Examining the figures provided for the trials, indicate what the ideal conditions might be for minimum N2O production in terms of operating temperature and free O2 levels. The Austrian plant, for cost reasons, runs at an operating temperature of 850 oC. The university has calculated that predicted N2O levels will be that due to temperature plus that due to the level of free O2 present during combustion. In other words:-
Total N2O = N2O due to Temperature + N2O due to free O2
Incineration Plant Background Information
On average, the company produces 550 to 750 kilowatt-hours of electricity per ton of waste, by the incineration of waste from the locality. This waste is termed municipal solid waste or MSW.
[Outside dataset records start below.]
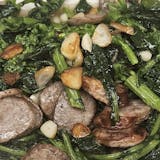 Sautéed Sausage, Broccoli rabe Garlic & Oil. CATERING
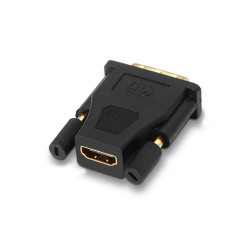Adaptador Aisens A118-0091/ DVI Macho - HDMI Hembra | APLIUM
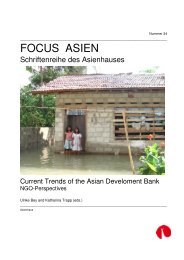 Current Trends of the Asian Development Bank - NGO Forum on ADB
Combustion of MSW is the complete oxidation of the combustible materials contained in the
solid waste fuel, and the process is highly exothermic. During combustion of solid waste,
several complex processes happen simultaneously. The chamber containing the waste is heated to evaporate moisture and volatise the components of the waste mixture. Combustion then begins once the gases given off by the waste are ignited in the presence of air. This is highly exothermic. The process leads to the conversion of waste fuel into flue gas, ash and heat. The heat released is used to produce a high-pressure superheated steam from water, which is sent to the steam turbine that is coupled with a generator to produce electricity.
Leftover ash, now a cement-like product, is then taken off to line landfill.
Fluidised bed technology
New incineration plants use circulating fluidised bed (CFB) technology to recover energy from its waste. CFB technology is proven to be better suited for high moisture content waste such as sludges, sewerage waste, agricultural waste etc. The waste has to be pre-dried.
A fluidized bed is a bed of solid particles, through which gas is flowing in order to liquidize it. The principle behind the operation of the beds is that the particles in a vessel offer resistance to the flow of gas inserted in the vessel basin. Waste is mixed with hot circulating sand at lower temperatures compared with conventional incineration. The lower temperatures used, together with the more uniform distribution of temperatures – which eliminates hot spots and high oxygen zones, results in reduced thermal NOx production. The low combustion temperatures promote the formation of the greenhouse gas Nitrous Oxide (N2O). It is also possible to reduce the production of Nitrous Oxide. Emissions decrease with increasing bed temperature, and increase to a certain degree with increasing oxygen concentration.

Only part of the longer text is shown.